Asylum seekers are being transferred from Darwin's Wickham Point detention centre as the government prepares to close the facility.
The Department of Immigration and Border Protection announced earlier this year the lease for the centre would not be renewed beyond November 2016.
Natasha Blucher, from the Darwin Asylum Seeker Support and Advocacy Network, said groups of detainees had been transferred out Wickham Point regularly since June.
"Tomorrow – as far as we understand – is the last transfer of asylum seekers," she said.
"There are around 16 people left and they’ll go tomorrow.”
The Department did not confirm the date of closure but a spokesman told SBS in a statement that it was "taking appropriate steps to prepare, including planning and undertaking the transfer of current detainees at Wickham Point who will remain in immigration detention after the closure".
The spokesman would not reveal where the detainees were being moved to.
"For operational reasons we are unable to provide details on individual transfers or detention placements," he said.

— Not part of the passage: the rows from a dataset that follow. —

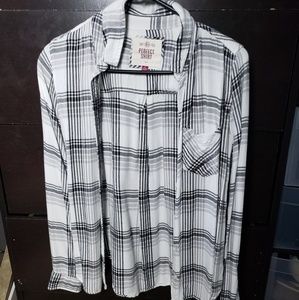 Very soft black and white plaid button up shirt xs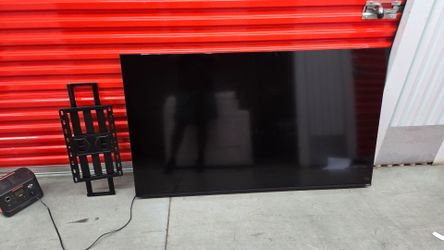 VIZIO 65" SMART 4K TV W WALL MOUNT INCLUDED LIKE NEW $250*****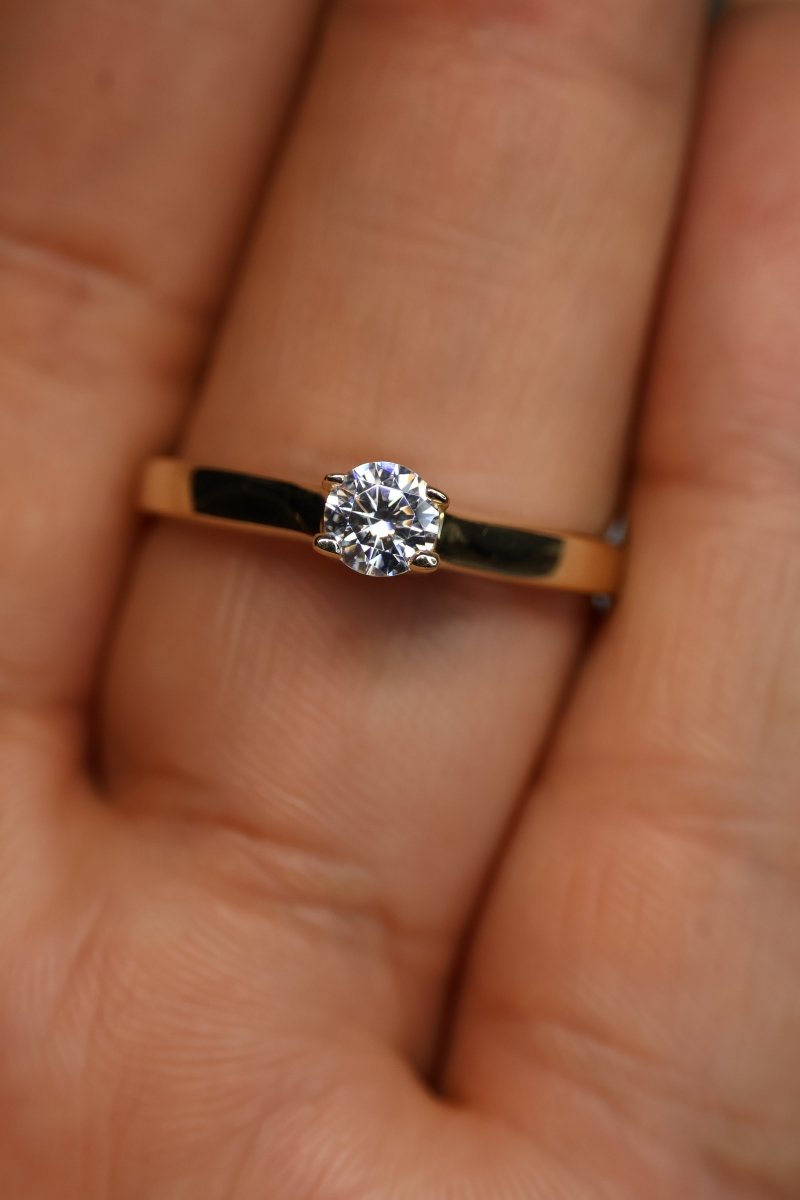Anillo en Oro Amarillo 10k con Circonia Mod.15928 - Mouty Joyería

Ms Blucher said she understood most of the detainees were being sent to the Yongah Hill facility in Western Australia or the Melbourne Immigration Transit Accommodation (MITA) facility in Melbourne.
Immigration Minister Peter Dutton made the announcement that Wickham's lease would not be extended ahead of the May budget this year.
He also announced that three other facilities would close, including the Maribyrnong detention centre in Victoria, the Blaxland compound at Villawood detention centre in Sydney and Perth residential housing.
The announcement was met with disappointment by NT Chief Minister Adam Giles.
"Darwin is the frontline of defence of northern Australia and at the time when the federal government is closing detention centres around this nation they must keep the Darwin detention centre open," he at the time.
"If the federal government pursue this agenda of wanting to remove the detention centre out of Darwin and either putting it down south or in another position, I think it leaves Australia pretty bare with facilities to be able to meet the need of any likely future illegal arrival that may turn up on our shores."
Erina Early, Secretary of the NT branch of United Voice - the union that represents workers at Wickham Point - told SBS the closure would have a big impact on workers.
"It is quite upsetting because there are going to be 300 employees unemployed," she said.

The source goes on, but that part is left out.